KEYNOTE-204 trial (NCT02684292)1–3

  • An ongoing multicenter, randomized, open-label, phase III study investigating the use of pembrolizumab compared with brentuximab vedotin (BV) in adult patients with R/R cHL
  • Data cut for interim analysis: January 16, 2020
  • Estimated study completion date: July 18, 2025
  • Randomization: 1:1 (pembrolizumab, n = 151; BV, n = 153)
  • Dosage: Pembrolizumab 200 mg intravenously every 3 weeks or BV 1.8 mg/kg intravenously every 3 weeks
  • Primary outcomes: Progression-free survival and overall survival
  • Secondary outcome measure: Overall response rate

Interim results1,2

  • Pembrolizumab significantly reduced the risk of disease progression or death by 35% (hazard ratio, 0.65; 95% CI, 0.48–0.88; p = 0.0027), with a median progression-free survival of 13.2 months (95% CI, 10.9–19.4) compared with 8.3 months (95% CI, 5.7–8.8) for patients treated with BV.
  • Although the overall response rate was higher with pembrolizumab compared with BV (66% vs 54%), this difference was not statistically significant (Table 1).

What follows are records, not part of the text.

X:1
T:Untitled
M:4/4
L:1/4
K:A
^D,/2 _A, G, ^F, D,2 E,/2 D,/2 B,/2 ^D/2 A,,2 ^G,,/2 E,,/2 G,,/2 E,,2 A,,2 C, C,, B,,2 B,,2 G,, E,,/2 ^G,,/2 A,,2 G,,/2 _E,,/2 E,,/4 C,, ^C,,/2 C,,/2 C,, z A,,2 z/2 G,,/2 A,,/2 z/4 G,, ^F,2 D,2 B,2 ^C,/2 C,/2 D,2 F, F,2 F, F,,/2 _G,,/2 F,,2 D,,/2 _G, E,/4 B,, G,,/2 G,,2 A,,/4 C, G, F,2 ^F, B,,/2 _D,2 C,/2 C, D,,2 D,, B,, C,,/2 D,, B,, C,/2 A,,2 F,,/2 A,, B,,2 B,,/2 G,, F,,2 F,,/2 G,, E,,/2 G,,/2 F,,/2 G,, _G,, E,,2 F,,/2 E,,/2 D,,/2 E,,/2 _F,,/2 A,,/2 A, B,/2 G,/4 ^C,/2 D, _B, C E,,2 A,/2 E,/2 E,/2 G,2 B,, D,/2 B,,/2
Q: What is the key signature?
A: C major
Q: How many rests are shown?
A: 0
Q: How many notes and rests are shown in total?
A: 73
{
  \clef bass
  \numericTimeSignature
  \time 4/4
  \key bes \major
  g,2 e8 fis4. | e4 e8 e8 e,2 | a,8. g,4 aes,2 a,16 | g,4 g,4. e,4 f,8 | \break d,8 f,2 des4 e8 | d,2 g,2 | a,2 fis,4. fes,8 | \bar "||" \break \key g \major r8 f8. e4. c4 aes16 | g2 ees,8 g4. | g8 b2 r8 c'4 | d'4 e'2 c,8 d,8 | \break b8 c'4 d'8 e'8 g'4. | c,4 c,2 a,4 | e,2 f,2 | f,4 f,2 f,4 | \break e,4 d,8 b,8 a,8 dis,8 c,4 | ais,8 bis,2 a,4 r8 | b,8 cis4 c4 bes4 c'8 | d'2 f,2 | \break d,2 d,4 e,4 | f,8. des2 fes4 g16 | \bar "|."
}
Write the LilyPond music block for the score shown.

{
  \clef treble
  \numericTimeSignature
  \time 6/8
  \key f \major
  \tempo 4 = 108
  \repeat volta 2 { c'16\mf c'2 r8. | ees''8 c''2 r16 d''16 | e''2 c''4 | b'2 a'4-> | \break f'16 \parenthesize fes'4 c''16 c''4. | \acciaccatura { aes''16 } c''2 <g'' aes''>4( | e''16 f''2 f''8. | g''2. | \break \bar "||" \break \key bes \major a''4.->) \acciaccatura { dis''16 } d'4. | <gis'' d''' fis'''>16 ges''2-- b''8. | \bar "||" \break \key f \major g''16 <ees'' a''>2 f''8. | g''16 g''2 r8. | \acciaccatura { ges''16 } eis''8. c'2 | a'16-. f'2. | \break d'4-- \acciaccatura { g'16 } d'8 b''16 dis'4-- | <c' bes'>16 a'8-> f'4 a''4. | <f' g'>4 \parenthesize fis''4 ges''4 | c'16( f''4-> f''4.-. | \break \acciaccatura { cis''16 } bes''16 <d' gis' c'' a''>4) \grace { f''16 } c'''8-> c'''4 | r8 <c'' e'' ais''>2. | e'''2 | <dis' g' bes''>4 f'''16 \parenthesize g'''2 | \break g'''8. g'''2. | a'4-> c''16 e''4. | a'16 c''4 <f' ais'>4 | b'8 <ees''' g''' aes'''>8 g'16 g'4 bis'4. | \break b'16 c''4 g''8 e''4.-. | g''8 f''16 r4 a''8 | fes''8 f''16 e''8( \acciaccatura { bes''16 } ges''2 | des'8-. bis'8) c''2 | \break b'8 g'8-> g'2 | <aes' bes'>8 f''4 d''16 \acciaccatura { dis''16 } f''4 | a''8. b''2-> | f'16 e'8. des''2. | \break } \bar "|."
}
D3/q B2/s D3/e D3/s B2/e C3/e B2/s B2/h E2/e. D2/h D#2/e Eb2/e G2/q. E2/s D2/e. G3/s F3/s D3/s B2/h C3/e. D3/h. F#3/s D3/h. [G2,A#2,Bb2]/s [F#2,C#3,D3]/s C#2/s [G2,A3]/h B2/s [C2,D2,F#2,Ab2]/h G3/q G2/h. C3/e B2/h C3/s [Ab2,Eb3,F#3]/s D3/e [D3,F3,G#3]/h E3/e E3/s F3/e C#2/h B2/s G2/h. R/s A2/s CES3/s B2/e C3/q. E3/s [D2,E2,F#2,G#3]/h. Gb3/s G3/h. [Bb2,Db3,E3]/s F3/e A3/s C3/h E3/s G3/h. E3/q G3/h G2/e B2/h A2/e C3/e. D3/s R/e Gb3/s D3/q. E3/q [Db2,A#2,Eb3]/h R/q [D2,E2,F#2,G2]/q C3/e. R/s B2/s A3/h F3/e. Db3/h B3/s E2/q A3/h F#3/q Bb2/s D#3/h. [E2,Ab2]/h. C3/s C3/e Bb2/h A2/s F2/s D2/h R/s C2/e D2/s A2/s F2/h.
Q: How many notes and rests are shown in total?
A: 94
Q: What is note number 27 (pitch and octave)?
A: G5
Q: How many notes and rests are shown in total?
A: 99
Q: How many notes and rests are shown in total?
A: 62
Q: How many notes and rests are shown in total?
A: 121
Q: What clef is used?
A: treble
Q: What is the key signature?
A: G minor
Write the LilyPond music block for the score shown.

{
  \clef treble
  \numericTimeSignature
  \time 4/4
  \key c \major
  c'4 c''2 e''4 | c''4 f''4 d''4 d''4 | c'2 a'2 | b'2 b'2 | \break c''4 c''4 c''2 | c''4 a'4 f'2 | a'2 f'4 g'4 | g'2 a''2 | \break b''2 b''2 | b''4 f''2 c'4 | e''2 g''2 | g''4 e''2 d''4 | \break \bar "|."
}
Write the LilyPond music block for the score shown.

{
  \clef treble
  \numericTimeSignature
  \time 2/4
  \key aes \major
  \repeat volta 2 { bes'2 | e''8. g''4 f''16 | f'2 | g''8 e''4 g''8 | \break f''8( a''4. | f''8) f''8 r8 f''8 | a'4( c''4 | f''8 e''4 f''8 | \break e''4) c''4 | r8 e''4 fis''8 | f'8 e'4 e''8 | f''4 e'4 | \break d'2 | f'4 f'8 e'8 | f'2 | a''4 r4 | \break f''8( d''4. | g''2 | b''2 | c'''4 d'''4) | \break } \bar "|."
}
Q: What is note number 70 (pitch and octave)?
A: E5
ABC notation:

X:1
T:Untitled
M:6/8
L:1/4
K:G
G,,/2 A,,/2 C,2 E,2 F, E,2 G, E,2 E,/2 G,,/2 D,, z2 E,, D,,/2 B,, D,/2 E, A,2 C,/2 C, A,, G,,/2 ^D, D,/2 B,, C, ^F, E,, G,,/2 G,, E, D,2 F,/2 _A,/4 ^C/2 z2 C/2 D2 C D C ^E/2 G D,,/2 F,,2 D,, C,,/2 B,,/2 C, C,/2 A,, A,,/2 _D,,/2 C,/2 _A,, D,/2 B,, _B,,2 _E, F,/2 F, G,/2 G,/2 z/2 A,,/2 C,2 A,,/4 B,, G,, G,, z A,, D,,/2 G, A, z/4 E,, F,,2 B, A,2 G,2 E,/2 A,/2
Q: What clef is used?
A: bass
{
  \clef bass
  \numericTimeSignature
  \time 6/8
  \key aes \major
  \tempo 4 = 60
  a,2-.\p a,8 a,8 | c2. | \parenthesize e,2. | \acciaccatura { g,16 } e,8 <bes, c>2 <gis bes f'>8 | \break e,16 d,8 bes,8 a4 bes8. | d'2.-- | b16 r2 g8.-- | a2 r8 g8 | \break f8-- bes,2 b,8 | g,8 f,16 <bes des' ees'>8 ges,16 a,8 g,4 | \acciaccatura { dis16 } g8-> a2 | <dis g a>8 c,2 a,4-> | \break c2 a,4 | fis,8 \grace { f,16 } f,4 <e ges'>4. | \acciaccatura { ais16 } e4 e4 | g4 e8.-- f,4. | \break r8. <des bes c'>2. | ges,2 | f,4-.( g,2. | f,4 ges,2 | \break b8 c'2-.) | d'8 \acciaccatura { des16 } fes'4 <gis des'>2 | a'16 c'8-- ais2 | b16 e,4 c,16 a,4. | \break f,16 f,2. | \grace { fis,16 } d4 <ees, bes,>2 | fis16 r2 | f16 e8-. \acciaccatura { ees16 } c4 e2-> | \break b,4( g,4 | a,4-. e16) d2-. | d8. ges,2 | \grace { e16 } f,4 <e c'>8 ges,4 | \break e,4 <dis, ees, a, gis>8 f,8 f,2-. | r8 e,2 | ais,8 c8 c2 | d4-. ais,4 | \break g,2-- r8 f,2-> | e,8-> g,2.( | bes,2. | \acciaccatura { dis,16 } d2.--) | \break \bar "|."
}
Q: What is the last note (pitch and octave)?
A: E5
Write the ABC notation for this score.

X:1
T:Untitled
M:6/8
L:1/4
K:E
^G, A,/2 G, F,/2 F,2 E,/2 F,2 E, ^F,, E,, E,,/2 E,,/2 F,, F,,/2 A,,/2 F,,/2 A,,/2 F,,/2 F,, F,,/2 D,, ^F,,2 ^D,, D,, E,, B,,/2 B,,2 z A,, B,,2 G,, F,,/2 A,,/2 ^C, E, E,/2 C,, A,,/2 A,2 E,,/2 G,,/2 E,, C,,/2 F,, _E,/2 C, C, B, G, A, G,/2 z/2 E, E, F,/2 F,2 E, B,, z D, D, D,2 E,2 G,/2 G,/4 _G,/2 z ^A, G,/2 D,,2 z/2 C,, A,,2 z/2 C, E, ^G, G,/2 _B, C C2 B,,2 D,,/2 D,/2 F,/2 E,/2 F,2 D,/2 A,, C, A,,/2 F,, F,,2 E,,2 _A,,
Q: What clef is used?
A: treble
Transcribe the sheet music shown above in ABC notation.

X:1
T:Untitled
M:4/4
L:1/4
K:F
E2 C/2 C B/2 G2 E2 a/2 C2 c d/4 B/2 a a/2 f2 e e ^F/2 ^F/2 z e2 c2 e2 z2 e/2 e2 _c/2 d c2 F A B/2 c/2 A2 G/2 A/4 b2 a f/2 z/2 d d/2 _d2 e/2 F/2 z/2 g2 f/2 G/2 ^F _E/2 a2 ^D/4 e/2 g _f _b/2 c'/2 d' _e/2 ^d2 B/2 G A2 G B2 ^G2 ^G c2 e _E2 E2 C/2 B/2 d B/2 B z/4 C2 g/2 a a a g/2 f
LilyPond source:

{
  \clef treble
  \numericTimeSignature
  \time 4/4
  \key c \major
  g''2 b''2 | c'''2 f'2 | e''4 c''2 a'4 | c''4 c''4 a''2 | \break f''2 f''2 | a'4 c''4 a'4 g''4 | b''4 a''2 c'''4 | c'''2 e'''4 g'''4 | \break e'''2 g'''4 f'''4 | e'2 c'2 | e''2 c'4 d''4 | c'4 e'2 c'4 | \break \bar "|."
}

Table 1. Response in the pembrolizumab cohort vs BV cohort*

BV, brentuximab vedotin; CR, complete response; mDOR, median duration of response, ORR, overall response rate; PD, progressive disease; PR, partial response; SD, stable disease.
*Data from Kuruvilla et al.1
Assessed by blinded independent central review by the International Working Group 2007 criteria.

Response

Pembrolizumab (n = 151)

BV (n = 153)

ORR, %

66

54

              CR

25

24

              PR

41

30

SD, %

14

24

PD, %

17

18

mDOR, months (95% CI)

20.7 (12.4–not reached)

13.8 (5.8–not reached)

  • The safety results were consistent with the established safety profile for each agent and adverse events were manageable with standard clinical practice. Adverse events were generally less frequent for the pembrolizumab cohort.
    • The most common Grade 3–5 treatment-related adverse events were pneumonitis (4% in the pembrolizumab cohort vs 1% in the BV cohort), neutropenia (2% vs 7%, respectively), decreased neutrophil count (1% vs 5%, respectively), and peripheral neuropathy (1% vs 3%, respectively).
  • Serious treatment-related adverse events occurred in 16% of patients receiving pembrolizumab vs 11% for those receiving BV. One treatment-related death due to pneumonia occurred in the pembrolizumab cohort.
  • Adverse event-related discontinuation occurred less frequently in the pembrolizumab arm compared with the BV arm (13% vs 16%).